Según los organizadores de la Feria Internacional Intel-ISEF de ciencia y tecnología, que se realiza desde hace medio siglo, cada año más de un millón de estudiantes secundarios compiten en este tipo de eventos regionales y en casi 500 ferias afiliadas que se realizan alrededor del mundo. Luego, más de 1200 estudiantes de 70 países, regiones y territorios tienen la oportunidad de competir por más de 30 millones de dólares en becas y premios en 14 categorías. Cada uno de los tres primeros finalistas recibe la Intel Young Scientist Scholarship (Beca Intel para el Científico Joven) por un monto de US$ 50.000, un viaje a la ceremonia de entrega del premio Nobel en Estocolmo, Suecia, y una computadora de alto desempeño.
Contrariamente a lo que podría suponerse, los chicos que participan en estas competencias no hacen “ciencia de juguete”: entre otros proyectos que se presentan en esta feria, hay dispositivos para detectar el cáncer de mama, envases biodegradables fabricados con cáscara de banana, tecnología para fabricar aulas portátiles…
En la penúltima edición de la Feria Intel-ISEF, por ejemplo, Delfina Frolik y Martín Uranga Vega, del Colegio San Ignacio de Tandil, presentaron ladrillos ecológicos fabricados con presión y sin cocción utilizando materiales de descarte.
Por su parte, guiados por la profesora de biología Elena María Paula Lehner Rosales, los cordobeses Gabriel González y Lucas Guayan, junto con sus compañeros de división, investigaron sobre la diseminación de la bacteria Escherichia coli en su ambiente escolar. “Analizaron la superficie de 80 bancos, de los lavatorios, de las manijas de las puertas de la escuela Nicolás Copérnico, de Córdoba. Con los resultados hicieron una campaña de concientización sobre el lavado de manos y revirtieron la contaminación”, cuenta Lehner Rosales, que además destaca que la escuela recibe a una comunidad de bajos recursos y que fueron sorprendentes el compromiso y el entusiasmo de los protagonistas.

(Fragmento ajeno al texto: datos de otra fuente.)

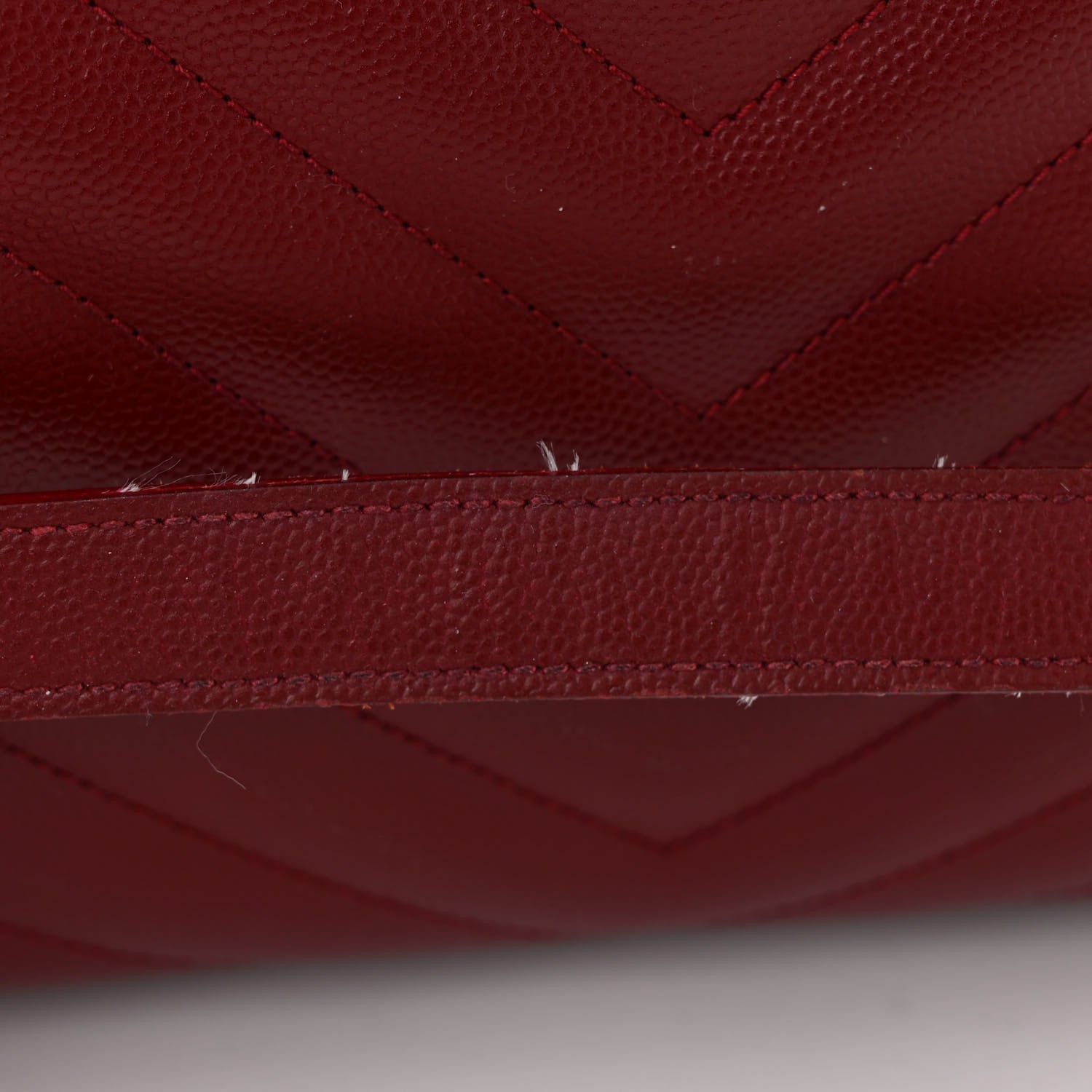 Saint Laurent Grain De Poudre Matelasse Chevron Monogram Shopping Bag Oxblood 12 of 15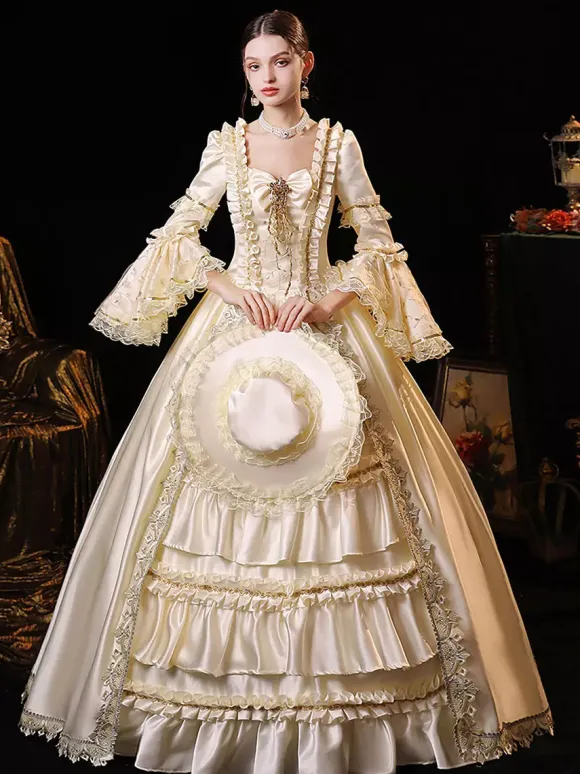 Champagne Retro Tudor Dress Costumes Polyester Dress Women's Marie Antoinette Costume Retro Masquerade Ball Gown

Cada año, entre enero y febrero, Expedición Ciencia, una organización sin fines de lucro creada por científicos, educadores y estudiantes apasionados por la ciencia y la vida al aire libre, ofrece a un grupo de adolescentes la posibilidad de combinar los experimentos con el placer de la exploración, la diversión con el rigor analítico, la curiosidad con el pensamiento crítico, la imaginación y la creatividad. Según sus organizadores, la intención de este campamento es “despertar la pasión por la exploración científica acercando a los participantes al modo de indagación y validación de la ciencia”.